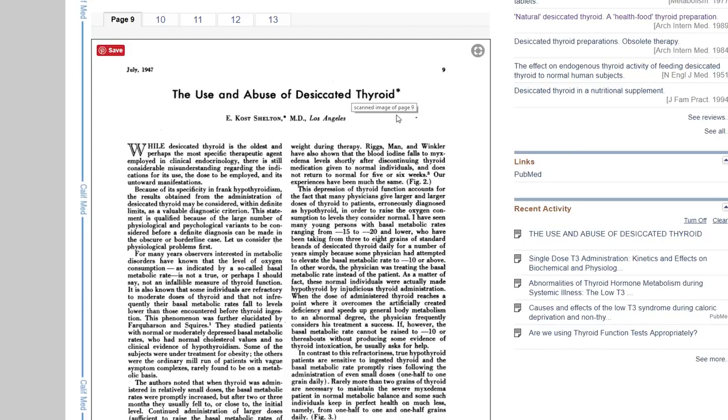Another issue is that some people just cannot tolerate the T3 that's in there. And so they start getting symptoms like palpitations or hair loss or anxiety or jittery, even with really small doses, like a quarter of a grain, which is very small doses. So there's just these people that just don't respond very well to T3, and they might respond a lot better to T4.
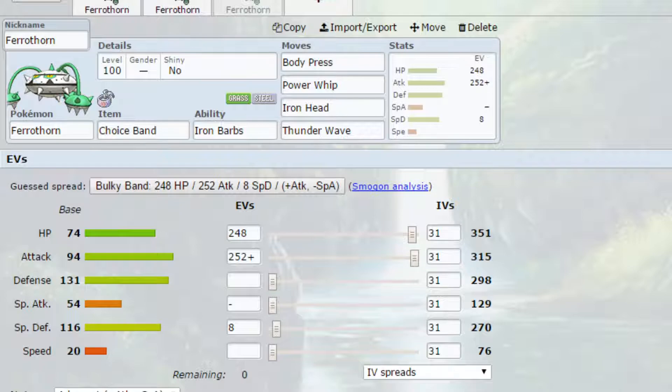Other moves, obviously, I've gone for Power Whip and Iron Head on here. They're both stab moves. They can do a little bit of damage to different things. Obviously, you do have to be cautious again for Fire Types. They are your one big weakness. But I put Thunder Wave on this set as a last move.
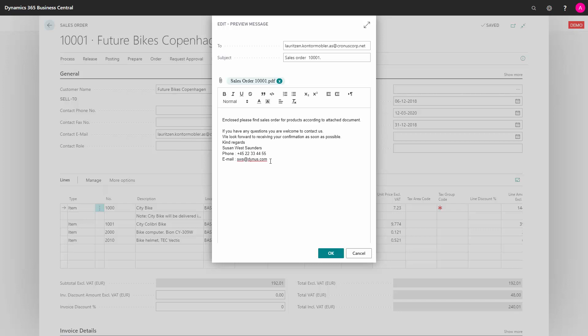So if another colleague of mine were to send this order, their information would be sent into the email instead.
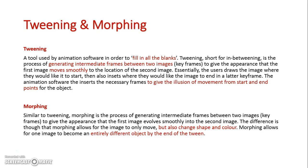For morphing, it's pretty much the exact same thing. I start with the object where I want it to originally be, but instead in my end frame, I don't just have it moved to where I want it to be, but I also might have changed the object's shape. So the object, the way it starts, and the object, the way it finishes, might be a completely different shape altogether. But they're pretty much the same process, except morphing changes shape.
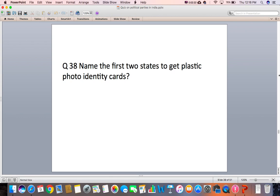Question 38: Name the first two states to get plastic photo identity cards.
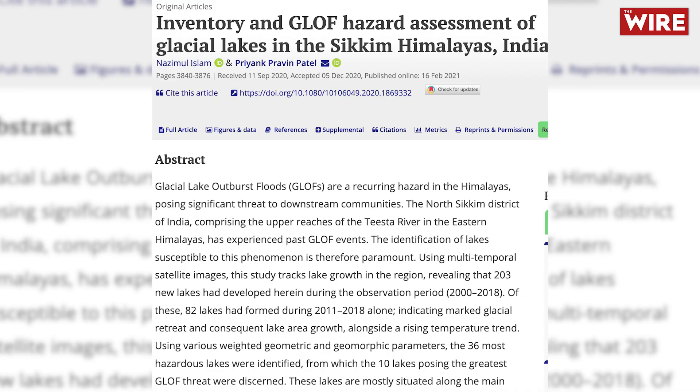Now that we have a picture of the full scale of this tragedy, let us understand through experts whether such a tragedy could have been avoided. In 2020, a study highlighted South Lonak Lake as one of 10 lakes posing significant GLOF threats among the 36 glacial lakes in North Sikkim. The study categorized these lakes as hazardous based on various geological factors. Furthermore, several studies have observed that South Lonak Lake has been expanding over the years, a phenomenon attributed to climate change.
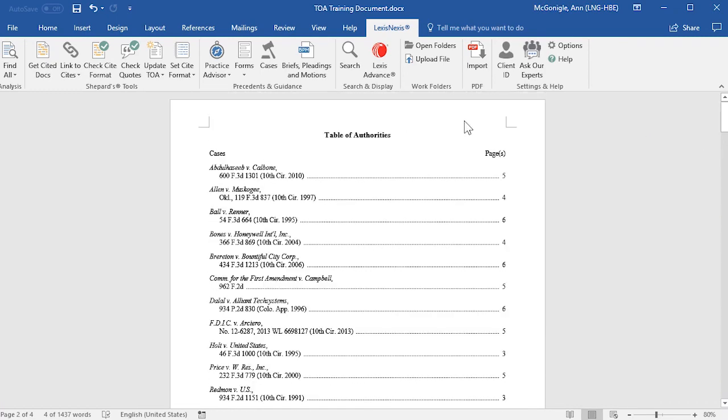If you need to make manual edits to your Table of Authorities, this should be done as a final step, because any changes that you make in the Table of Authorities within your document will not be retained when you update your TOA.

# WORK INSTRUCTION
This task calls for restating, word for word, each line from the line holding "Question 38: Name" through the end of the material, pictures left out.

# ANSWER BOX
Question 38: Name the first two states to get plastic photo identity cards.
Now that we have a picture of the full scale of this tragedy, let us understand through experts whether such a tragedy could have been avoided. In 2020, a study highlighted South Lonak Lake as one of 10 lakes posing significant GLOF threats among the 36 glacial lakes in North Sikkim. The study categorized these lakes as hazardous based on various geological factors. Furthermore, several studies have observed that South Lonak Lake has been expanding over the years, a phenomenon attributed to climate change.
If you need to make manual edits to your Table of Authorities, this should be done as a final step, because any changes that you make in the Table of Authorities within your document will not be retained when you update your TOA.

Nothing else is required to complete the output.